In the composition root:

RAGServerApp.create (aiProviderFactory, aiConfigStore, embedder)
|> ...
|> RAGServerApp.addModules [ myKnowledgeBaseModule ]    // your module
|> RAGServerApp.withIngestionStatusObserver myIngestionStatusObserver
|> RAGServerApp.withVectorisationHandler myVectorisationHandler
|> RAGServerApp.run

Drop the ToolUp.KnowledgeBase <PackageReference> entries from the consuming project's .fsproj. The built-in KB module disappears; your replacement provides equivalent (or different) functionality.

A future `KnowledgeBaseMode` DU

The shipped pattern requires the consumer to drop the package + provide their own module. A future SDK addition (KnowledgeBaseMode) will allow first-class substitution via fluent API:

RAGServerApp.create (...)
|> RAGServerApp.withKnowledgeBase (ExternalKnowledgeBase myErasedModule)
|> ...

(Not yet shipped; the structural contracts above are what would land.) Status: deferred.

Adding a new format extractor

The shipped extractor list is internal to ToolUp.KnowledgeBase.Server.

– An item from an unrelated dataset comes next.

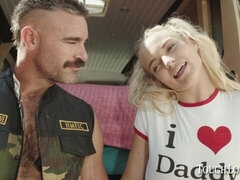 Blonde, Mignonne, Domination, Doigter, Hard, Humiliation, Maigrichonne, Adolescente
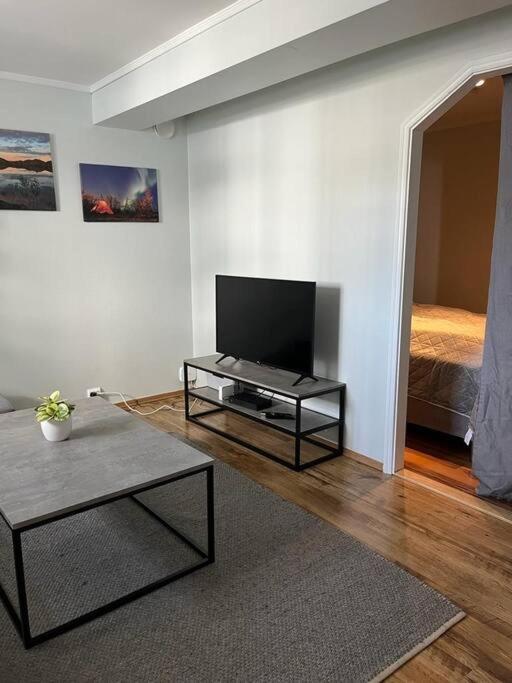 טרומסה Cozy Ground Floor Apartment מראה חיצוני תמונה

Adding a new format means either:

Option 1: Replace the KB module entirely (see above). Your custom VectorisationHandler handles whichever formats you want.

Option 2: Add a parallel module for the new format. Multiple modules can declare DataTypes and VectorisationHandlers; they coexist via ingestion-queue routing by DataTypeId. Useful when you want to add .epub support alongside KB's PDFs without touching KB.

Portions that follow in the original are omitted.